The Nature of d0 Ion Effect on the Electrochemical Activity of the O2–/O–-Redox-Couple in Oxyfluorides with the Disordered Rock-Salt Structure

Abstract

The effect of the nature of the transition metal ion (electron configuration 3d0 and 4d0) on the local structure and electrochemical properties of lithium-rich oxyfluorides with disordered rock-salt structure Li1 + x(MеMn3+)1 – xO2 – yFy, where Mе = Ti4+, Nb5+, 0.2 ≤ x ≤ 0.288 and 0.05 ≤ y ≤ 0.15 is studied. The compounds are thoroughly investigated by the methods of X-ray diffraction analysis, scanning electron microscopy, granulometry, electron spin resonance spectroscopy, and galvanostatic cycling.
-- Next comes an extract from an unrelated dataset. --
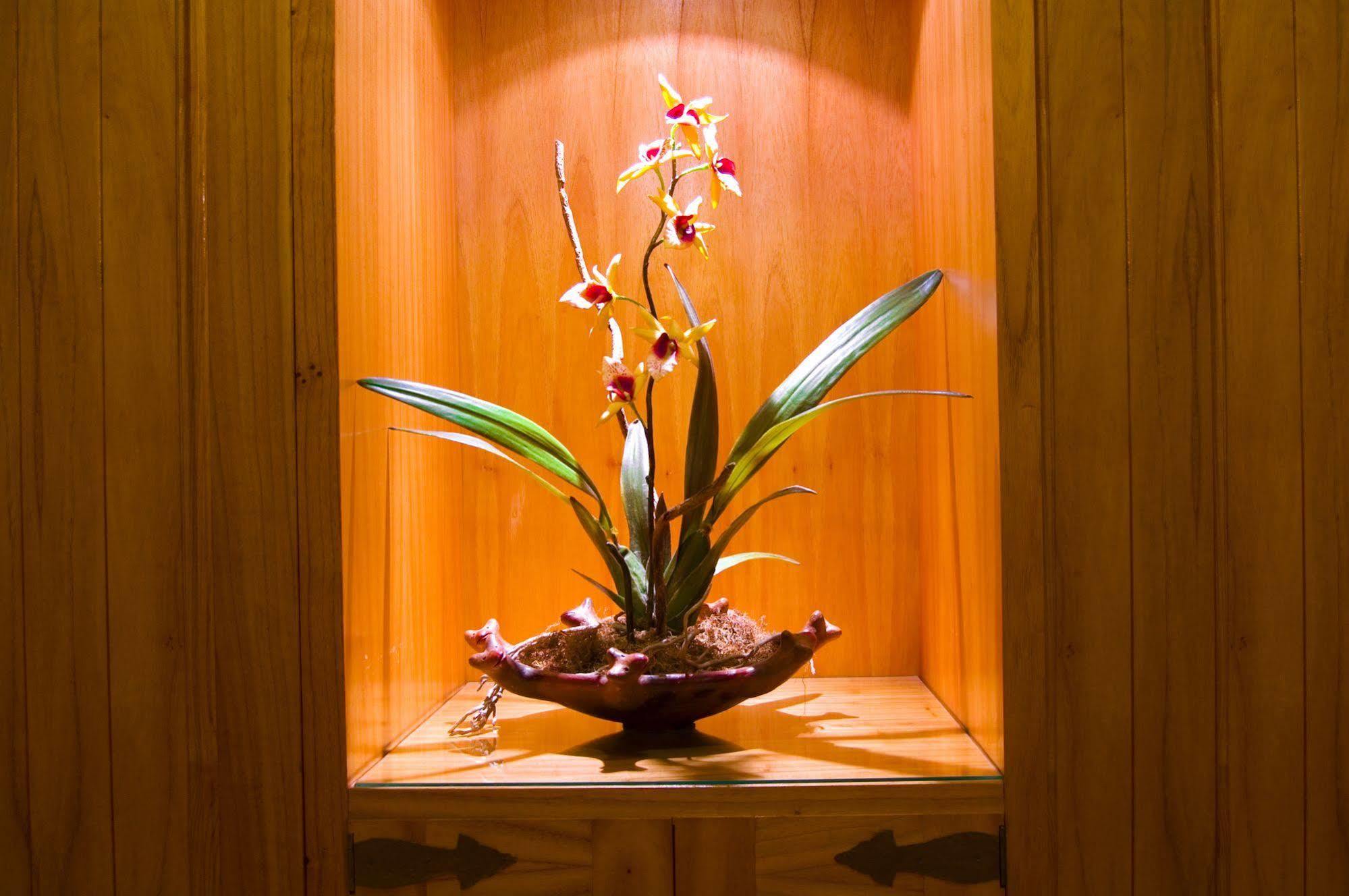 Hotel Las Margaritas Asuncion Extérieur photo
The galvanostatic-cycling curves of the compounds have two plateaus in the voltage regions of 3.3–3.4 and 4.1–4.3 V. They can be attributed to redox-processes involving two couples: Mn3+/Mn4+ and O2–/O–. In the case of Ti-containing oxyfluorides with disordered rock-salt structure, with the increasing of fluorine content the contribution from O2–/O–-couple during the electrochemical process decreases. In both systems of the oxyfluorides with disordered rock-salt structure we observed formation of paramagnetic clusters Mn3+–O–Mn4+ whose number increased with the increasing of Mn content. The largest clusterization is observed for the sample Li1.266Nb0.217Mn0.55O1.85F0.15. At the same time, the diffusion coefficient for Nb-containing oxyfluorides with disordered rock-salt structure is lower by order of magnitude than for the Ti-containing ones. This may be connected with the strongest clustering of Mn3+ ions, which hinders the Li+ ion macrodiffusion and, as a consequence, deteriorates the kinetics of the process.